The general idea of the algorithms (such as SGD and SPGD) are that gradient computed on subset is to approximate true gradient on the whole datasets, and the algorithms use mini-batches of data instead of all data which causes gradient noise and variance. But if using all data to compute gradient, it will be compute-intensive and require much storage of gradients. Due to the variance introduced by random sampling, SGD obtain a slower convergence rate than GD. This means that we have a trade-off of fast computation per iteration and slow convergence for SGD versus slow computation per iteration and fast convergence for GD. To improve the stochastic gradient descent, one need a variance reduction technique, which allows us to use a large rate $η_{t}$ . There are several successful modifications to the gradient descent algorithm developed over the past few years. [7] proposed stochastic average gradients (SAG), stochastic dual coordinate ascent method (SDCA) is proposed by Shalev-Shawarts et al. [8]. Stochastic variance reduced gradient is proposed in [1]. However, both proposals require storage of all gradients or dual variables and is compute-intensive. In this paper we propose a variance reduction technique regarding moving average gradient as average gradient, we keep a version of weight which is close to the optimal weight. thus we only need to preserve current gradient and the previous average gradient. Using variance reduction technique can trade off between computation per iteration and convergence, and using a relatively large value of learning rate. Then, we apply our method to Long Short-Term Memory (LSTM) which shows our method improves the results significantly on two data sets, the IMDB (movie reviews) and SemEval-2016 (sentiment analysis in twitter). In summary, the contributions of this work are as follows:

We can take a large learning rate by using variance reduction technique replacing average gradient with moving average gradient. And by using variance reduction technique can reduce the variance and noise of SGD.

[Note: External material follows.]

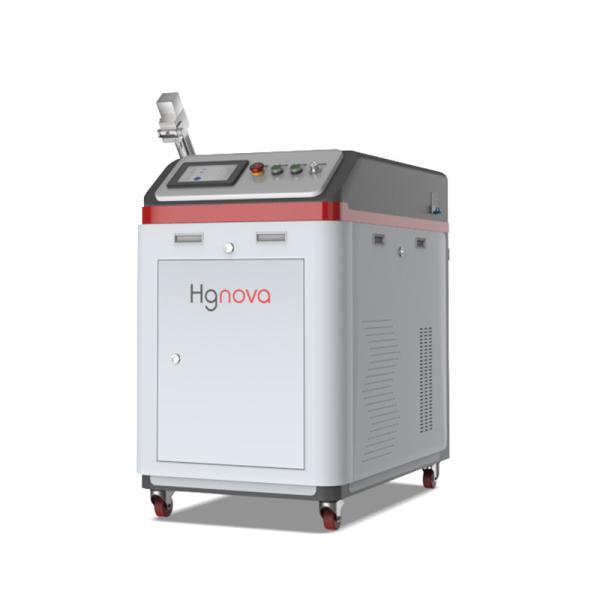 Buy 1000W Handheld Pulse Fiber Laser Cleaner Machine New Condition for Metal Rust Removal Oil Paint Dirt Stains Coating at wholesale prices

Our method does not require the storage of full gradients and is not compute-intensive, and we only need store the current gradient and the previous average gradient.

The rest of paper is organized as follows. Section 2 proposes our method Stochastic Moving Average Gradient (SMVRG). Section 3 describes the experimental design and discusses the results. The final section concludes the work.

2. Stochastic moving-average variance reduction gradient (SMVRG)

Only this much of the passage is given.